Deux remarques s’imposent.
D’abord, le caractère résolument subalterne du « problème technique » que constitue la mise en œuvre de la décision politique dans cette perspective, où l’on a tendance à le minorer, en sous-entendant qu’il est second, que des solutions multiples peuvent entrer en concurrence sans que cela tire à conséquence. Noter cependant la difficulté de situer l’endroit exact où passe la frontière, puisqu’on sait que les décrets d’application sont plus importants et plus significatifs des intentions politiques profondes que le texte législatif lui-même. Mais il y a plus : l’accompagnement financier d’une mesure est-il à compter au nombre des « problèmes techniques » relatifs à son entrée en vigueur ? « L’intendance suivra ! » N’est-ce pas déjà un choix politique, que la démarcation entre le « politique » et le « technique » ? Ce caractère subalterne du problème technique par rapport au problème politique, Aristote (La Politique et Ethique à Nicomaque), mais aussi déjà Platon (Le Politique, La République, Les Lois), l’avaient fortement marqué.
Mais, et ce sera la deuxième remarque, nous sommes aujourd’hui, à la différence de Platon et d’Aristote, fort soucieux de faire un sort particulier au « problème technique » proprement dit, c’est-à-dire au choix des médiations permettant d’atteindre les objectifs, au dessin technique de ces objectifs. Cela ne nous apparaît pas du tout subalterne. Le problème technique, dans le cadre des programmes « Apollo » de la NASA, faisait figure de défi spectaculaire. A moins grande échelle, il en est de même aujourd’hui du programme spatial européen, par exemple. Le problème technique est reconnu comme digne d’attention, et d’investissement financier et intellectuel. Nous apprécions hautement « l’exploit technique ». Nous ne minimisons donc pas à coup sûr et à tout coup un problème quand nous le qualifions de problème technique.

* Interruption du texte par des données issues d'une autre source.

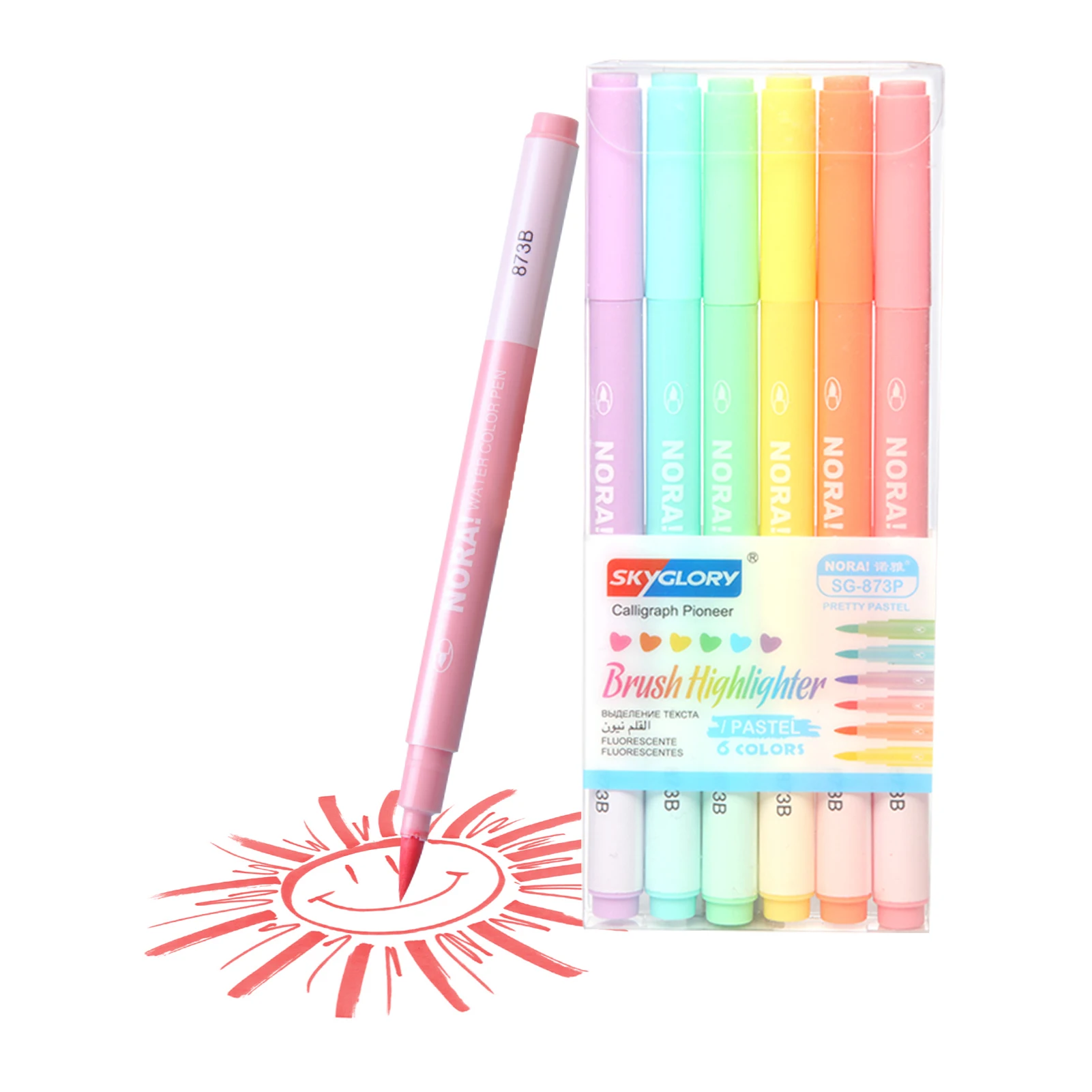 

Набор из 6 цветов, маркеры-кисти для рисования, пастельные маркеры для детей, студентов, художников, красителей, школьные художественные при...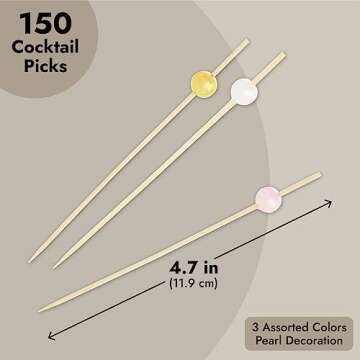 Okuna Outpost 150 Pack of Decorative Toothpicks for Appetizers, Bamboo Food Picks (Pink, Gold, and White Pearl, 4.7 in)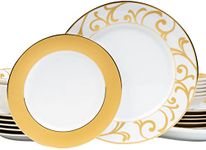 Dankotuwa Luxury Porcelain Service for 6, 24K Gold Crafted Dinner Set Dishwasher Safe Vegan Scratch and Chip Resistant | Light Weight Crockery 21 Pieces (Gold Mix)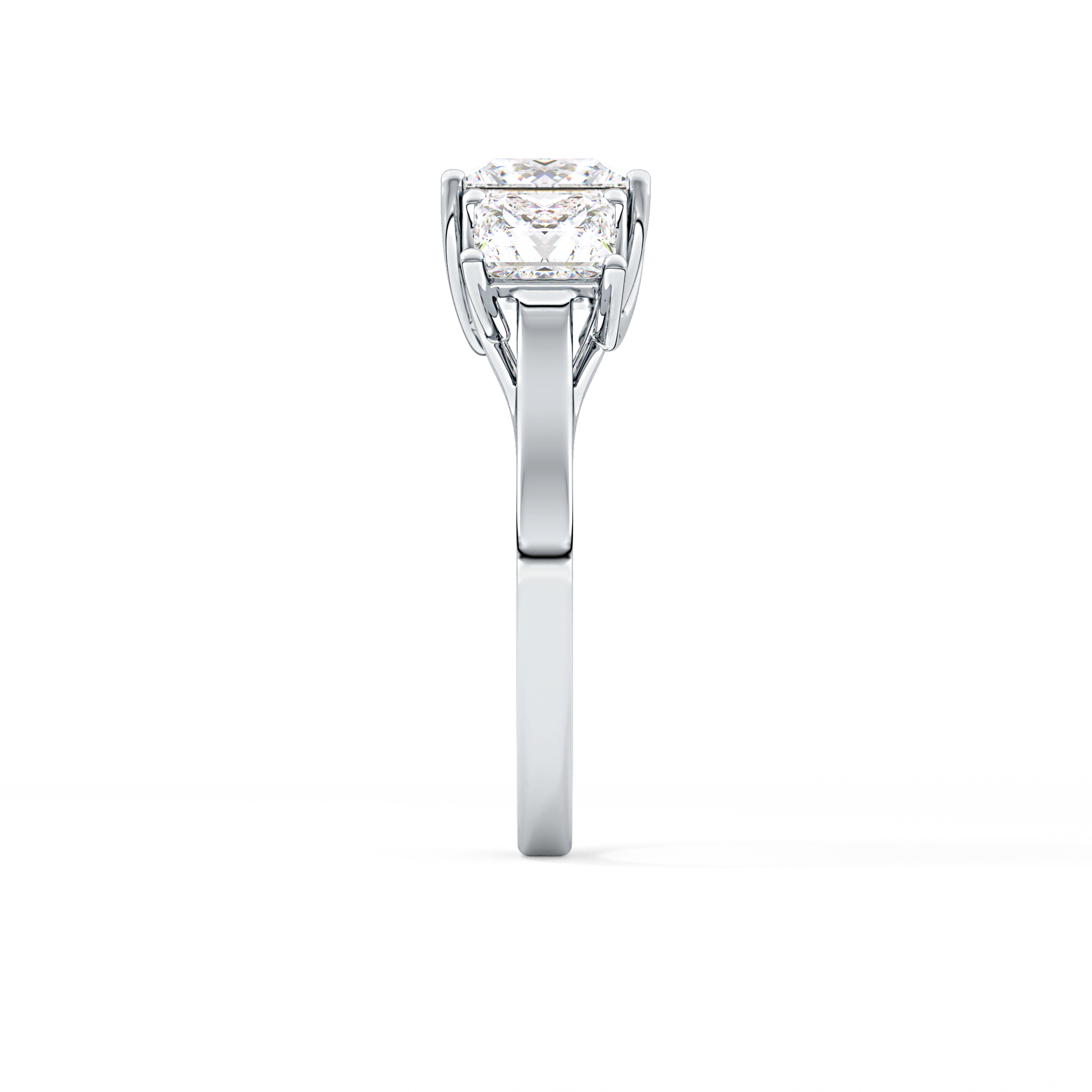 Princess Cut 1.87 Carat Moissanite Ring – Three Stones Setting in Gold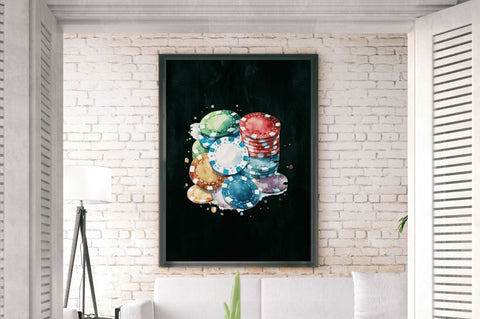 Watercolor Casino Chips Clipart Bundle Sublimation Regulrcrative 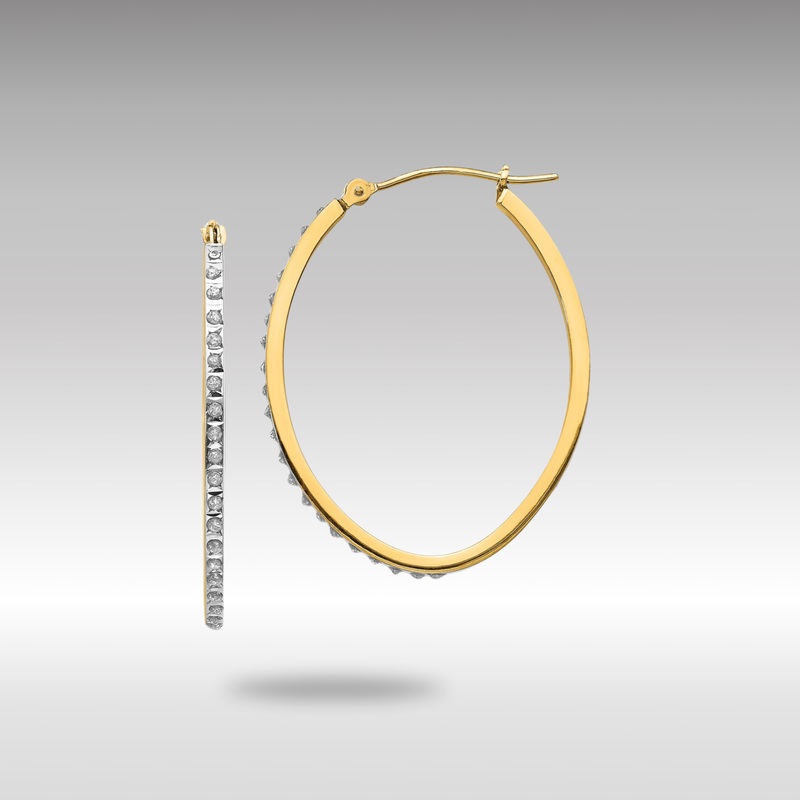 Gold Diamond Fascination Oval Hinged Hoop Earrings – Model DF110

Cependant, remarquons avec quelle force et demandons-nous au nom de quoi on a pu reprocher, en plus d’une circonstance, au pouvoir politique de s’inféoder, comme on dit, au « complexe militaro-industriel » ou au lobby nucléaire, compris comme autant groupes de pression, ou même d’instances techniques où s’élaborerait véritablement une politique en dehors de tout contrôle des représentants habilités à en débattre dans une démocratie. C’est bien, semble-t-il, au nom du caractère secondaire des problèmes techniques, au nom de leur légitime subordination à des problèmes qui les dépassent. Qu’est-ce que la technocratie, sinon la promotion abusive, délibérée ou subreptice, des problèmes techniques au premier rang des préoccupations des politiques, ou, plus gravement, le parti pris de qualifier de « techniques » tous les problèmes dans l’espoir de leur préparer des solutions « techniques », c’est-à-dire des solutions relevant de la seule compétence des exécutants ?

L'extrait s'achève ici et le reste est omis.